France Seeks 'Three Strikes' Law vs Web Piracy

France is determined to shut down Internet piracy, and President Nicolas Sarkozy won't take no for an answer. Sarkozy is working to pass a "Three Strikes" rule that would kick anyone who illegally downloads three times, off the internet.

If France were to pass this kind of law, other countries like the U.K. could quickly follow suit. France's upper house passed the law, but last week the National Assembly rejected it, in part because banned Internet users would still have to pay for their broadband service.

Now Sarkozy's government is back at work, tweaking the bill to resubmit it to parliament. Tomorrow the president of France's National Assembly and party leaders will meet to discuss tweaks and a timetable. Experts fully expect some version of this bill to eventually pass.

But enforcement won't be easy. Pirates are smart enough to steal copyrighted content — won't they be smart enough to figure out how to get broadband access?
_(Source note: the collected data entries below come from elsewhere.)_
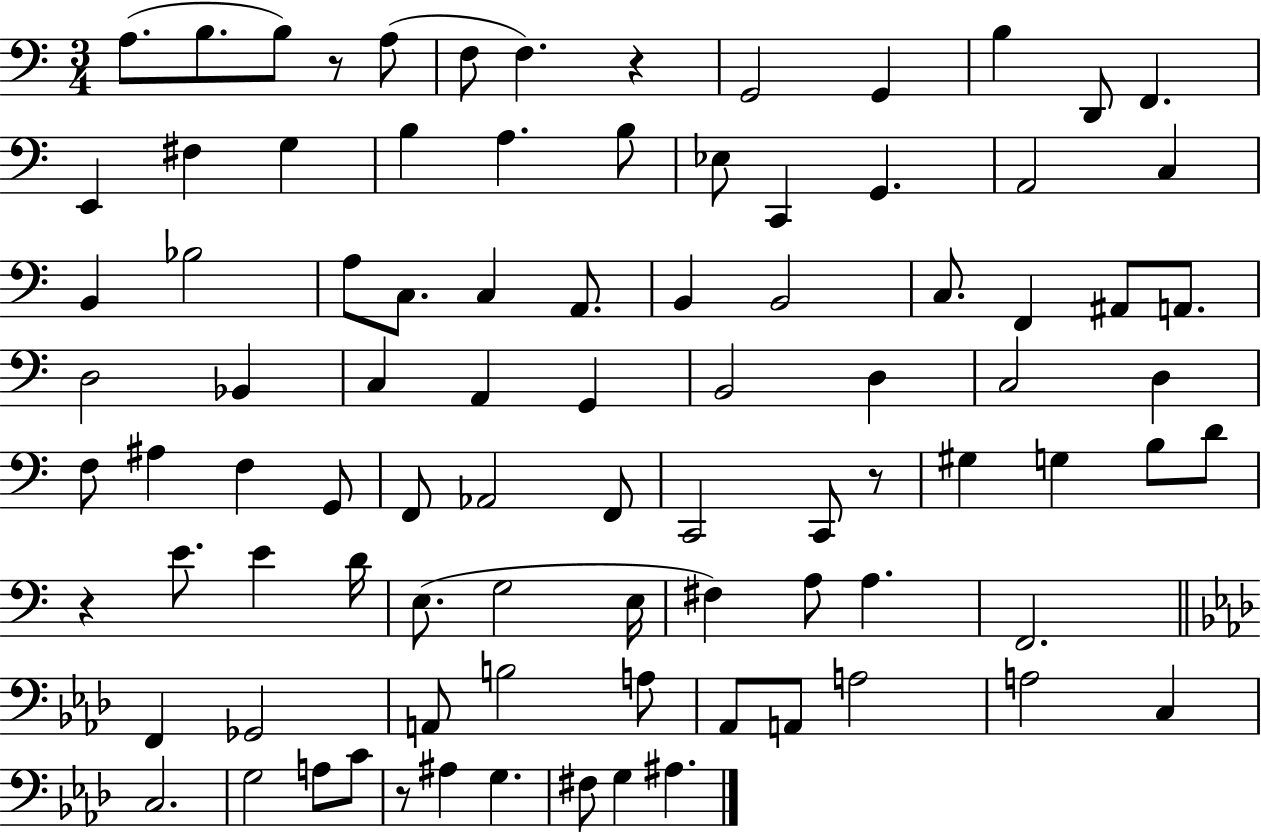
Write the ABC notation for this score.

X:1
T:Untitled
M:3/4
L:1/4
K:C
A,/2 B,/2 B,/2 z/2 A,/2 F,/2 F, z G,,2 G,, B, D,,/2 F,, E,, ^F, G, B, A, B,/2 _E,/2 C,, G,, A,,2 C, B,, _B,2 A,/2 C,/2 C, A,,/2 B,, B,,2 C,/2 F,, ^A,,/2 A,,/2 D,2 _B,, C, A,, G,, B,,2 D, C,2 D, F,/2 ^A, F, G,,/2 F,,/2 _A,,2 F,,/2 C,,2 C,,/2 z/2 ^G, G, B,/2 D/2 z E/2 E D/4 E,/2 G,2 E,/4 ^F, A,/2 A, F,,2 F,, _G,,2 A,,/2 B,2 A,/2 _A,,/2 A,,/2 A,2 A,2 C, C,2 G,2 A,/2 C/2 z/2 ^A, G, ^F,/2 G, ^A,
To tackle this issue the bill would create a government agency to find pirates and tell their Internet service providers to cut them off. Those government agents are going to have to be sneaky and persistent. Plus there's the challenge of getting the service providers on board.

Piracy is a huge problem for Hollywood, which, according to the MPAA, generates a disproportionate percentage of movies distributed around the world. There's no doubt that a crackdown is necessary: Hollywood loses about $20 billion every year to piracy. But does it make more sense to attack the people pirating content, or the companies that enable them?
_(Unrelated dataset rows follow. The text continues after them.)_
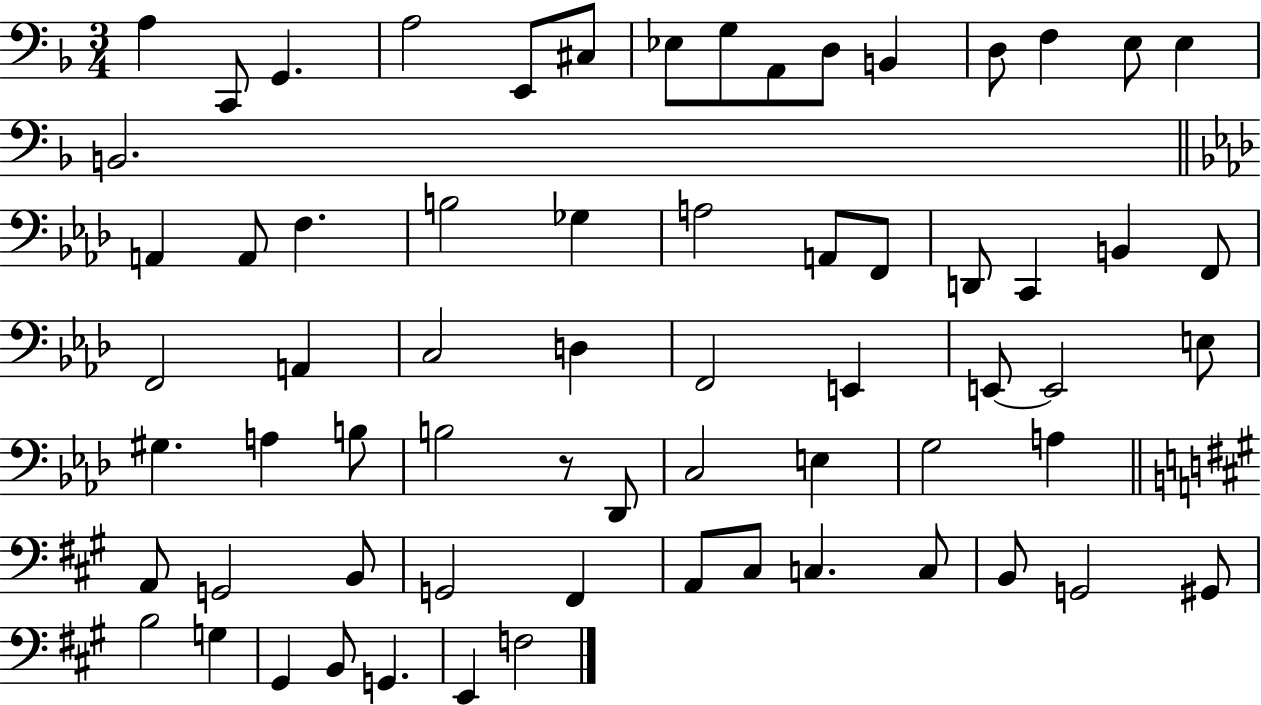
X:1
T:Untitled
M:3/4
L:1/4
K:F
A, C,,/2 G,, A,2 E,,/2 ^C,/2 _E,/2 G,/2 A,,/2 D,/2 B,, D,/2 F, E,/2 E, B,,2 A,, A,,/2 F, B,2 _G, A,2 A,,/2 F,,/2 D,,/2 C,, B,, F,,/2 F,,2 A,, C,2 D, F,,2 E,, E,,/2 E,,2 E,/2 ^G, A, B,/2 B,2 z/2 _D,,/2 C,2 E, G,2 A, A,,/2 G,,2 B,,/2 G,,2 ^F,, A,,/2 ^C,/2 C, C,/2 B,,/2 G,,2 ^G,,/2 B,2 G, ^G,, B,,/2 G,, E,, F,2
The U.K. has discussed a similar three-strikes rule for online pirates. But the British recording industry and British Internet service providers haven't been able to make a deal on how to tackle the problem. They need so much help that Britain's communications minister created a new government agency to mediate between the two.

Would three strikes work in the U.S.? Because of the sheer scale of the problem it would be challenging to go after everyone who illegally downloaded a song, to say the least. Could broadband service providers be enlisted? Maybe; we'll see how it goes in France and the U.K.

Could consumers be forced to pay even when they've been kicked offline? In the U.S., there's no way that consumers, even those responsible for piracy, will put up with that.